During this time, I developed a simple yet effective way to conceptualize computing resources in the office—a framework that organized the resources into three distinct rings:

1. Ring 1: Data Providers These were the foundational systems that stored and served data across the network, including file servers, database servers, and FTP servers. They represented the network's core, where all essential data and services reside.
2. Ring 2: Compute Servers This ring consisted of servers that consumed resources from the data providers and handled the processing power for the network. These included shell servers, application servers, and terminal servers, serving as the intermediaries between data storage and end-user interaction.
3. Ring 3: End-User Devices The outermost ring contained the devices that end-users interacted with daily, such as PCs, X-Terminals, Sun Workstations, and printers. These devices accessed the resources and compute power provided by the inner rings.

This framework helped organize and manage the network's architecture, making it easier to understand the flow of data and the role each device or server played within the environment. It was particularly useful for planning infrastructure, troubleshooting, and ensuring efficient resource allocation. Compared to today's technology, my first-year concepts as a System Administrator seem entirely outdated and overly simplified.

Reimagining the Three Rings in a Modern Context

Fast forward to today, and the technological landscape has changed dramatically. However, the core principles of building efficient, scalable, and resilient networks remain the same. The "three rings" framework I developed in the early '90s has evolved to fit modern technologies, reflecting the advancements in cloud computing, containerization, and edge processing.

1. Core Layer (Innermost Ring): The core layer has moved to the cloud, hosted by providers like AWS, Azure, and GCP. This layer now contains critical data services, distributed databases, and object storage. Security and redundancy are paramount, with Zero Trust and SDN policies ensuring controlled access and resilience. The principles that guided the original Ring 1 are still relevant, but they now manifest through scalable, high-availability cloud platforms.
2. Compute Layer (Second Ring): This layer has now transformed into containerized applications running on Kubernetes clusters, either in the cloud or at the edge. Edge computing devices also reside here, processing data locally before syncing with the core. This evolution reflects the shift from centralized processing to a more distributed, dynamic approach, where compute power is deployed closer to where it's needed, reducing latency and improving performance.
3. Endpoint Layer (Outer Ring): The endpoint layer now includes Virtual Desktop Infrastructure (VDI) instances and various endpoint devices managed by Unified Endpoint Management (UEM). These devices are the user-facing interfaces of the network, connecting users to the power of the core and compute layers. The devices have become more diverse and powerful, but their role in the network remains similar to what it was in the early '90s—providing access to the underlying infrastructure.
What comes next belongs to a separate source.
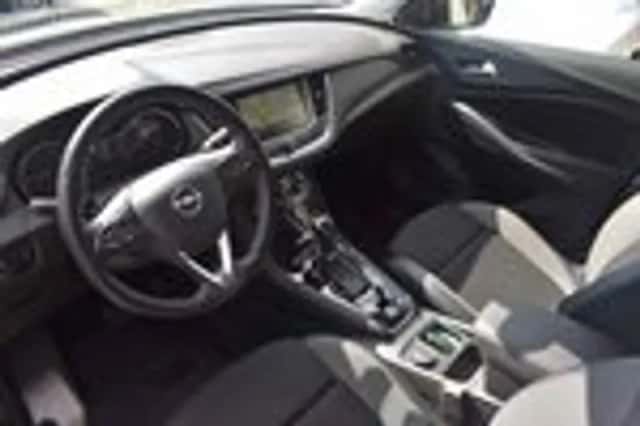 Opel Grandland X (2017) thumbnail 4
Networking: SDN and Zero Trust Architecture

Networking has also evolved, with Software-Defined Networking (SDN) and Zero Trust Architecture now playing crucial roles in managing and securing the flow of data between these layers. These technologies ensure that data is accessible only to authorized users and devices, maintaining the security and integrity of the network.

Data Layer: Distributed Databases and Object Storage

The data layer, once confined to physical servers in a data center, has expanded to include distributed databases and object storage in the cloud. This shift has allowed for greater scalability and resilience, enabling organizations to handle vast amounts of data across multiple locations.

Monitoring and Automation: Observability and Infrastructure as Code

Modern networks are monitored and managed through observability tools and Infrastructure as Code (IaC) practices. These allow for real-time insights into the performance and health of the network, as well as automated management and scaling of resources, further enhancing the resilience and efficiency of the infrastructure.

DevOps Practices: Continuous Integration/Continuous Deployment (CI/CD)

The adoption of DevOps practices, particularly CI/CD, has revolutionized the way software is developed and deployed. This approach ensures that new features and updates can be delivered rapidly and reliably, aligning with the dynamic nature of modern networks.

Conclusion: The Evolution of a Framework

Reflecting on this journey, it becomes clear that while technology has evolved dramatically, the core principles of building efficient, scalable, and resilient networks remain the same. The "three rings" framework I developed in the early '90s has found new life in today’s cutting-edge technologies, allowing us to create infrastructures that are not only powerful but also flexible enough to adapt to whatever the future holds.

This journey has taught me that while degrees and credentials can open doors, it’s the relentless drive to understand, innovate, and adapt that truly builds a career. In a world where technology evolves faster than ever, this mindset isn’t just valuable—it’s essential.